[Opening Recorded information section]

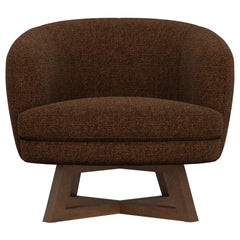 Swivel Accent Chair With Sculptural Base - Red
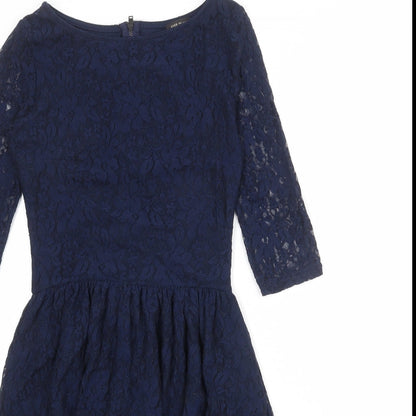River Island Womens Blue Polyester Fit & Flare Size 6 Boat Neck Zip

[Closing Recorded information section]
[Opening Recorded information section]

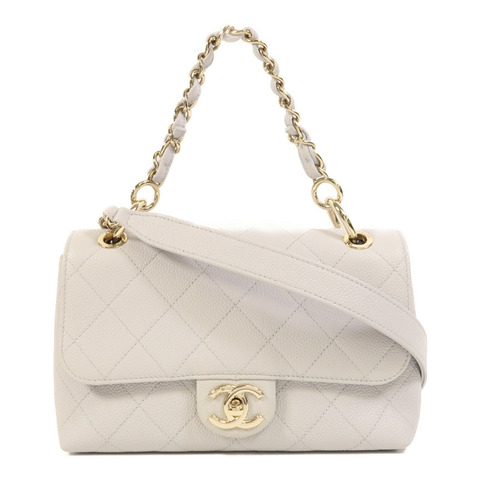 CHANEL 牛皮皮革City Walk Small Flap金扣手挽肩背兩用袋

[Closing Recorded information section]
[Opening Recorded information section]

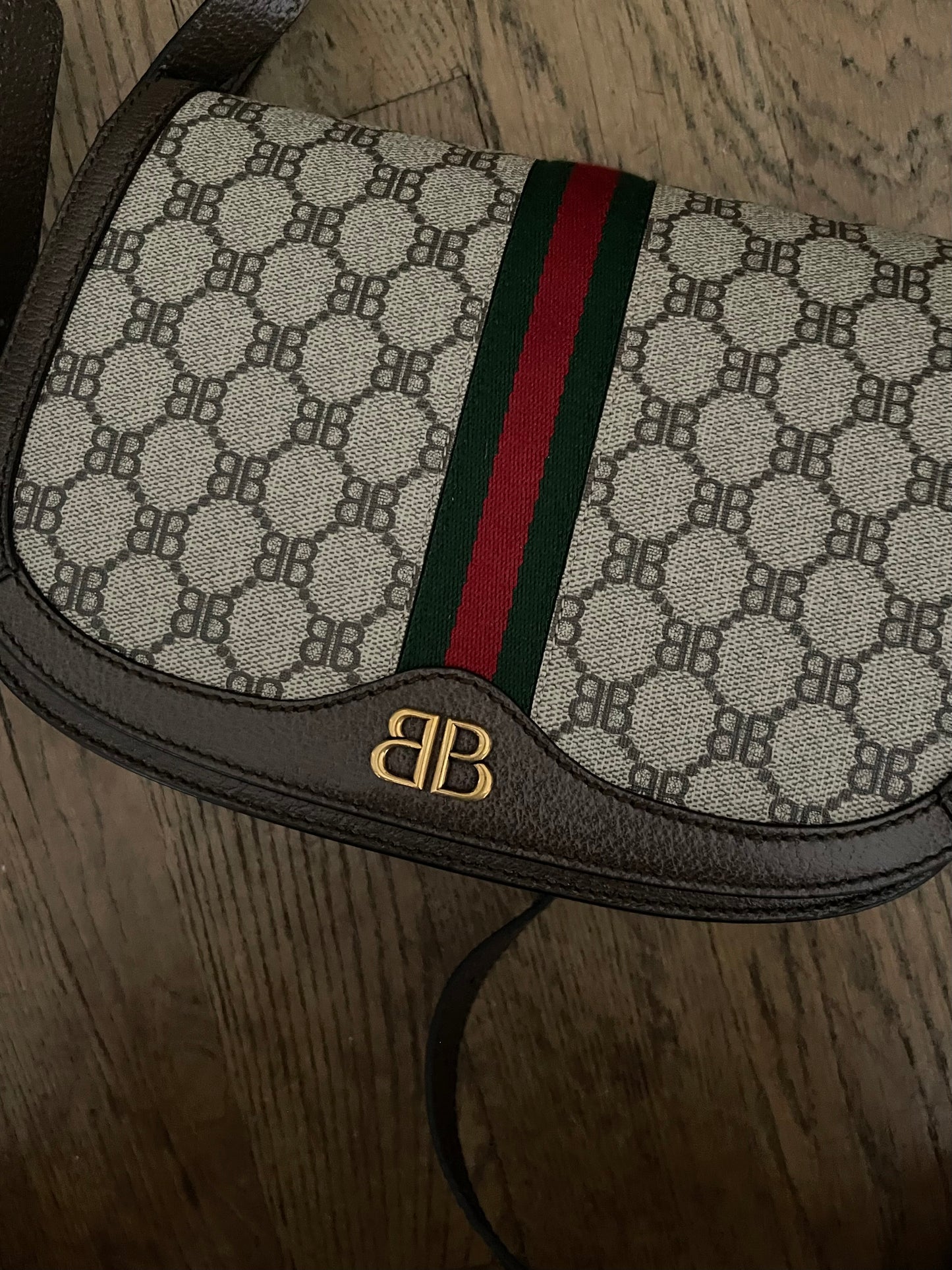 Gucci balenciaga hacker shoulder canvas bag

[Closing Recorded information section]

Task details: Return, exactly as they stand, the lines above from the one with "Swivel Accent Chair" to the one with "River Island Womens", omitting any pictures among them.

Solution to the exercise:
 Swivel Accent Chair With Sculptural Base - Red
River Island Womens Blue Polyester Fit & Flare Size 6 Boat Neck Zip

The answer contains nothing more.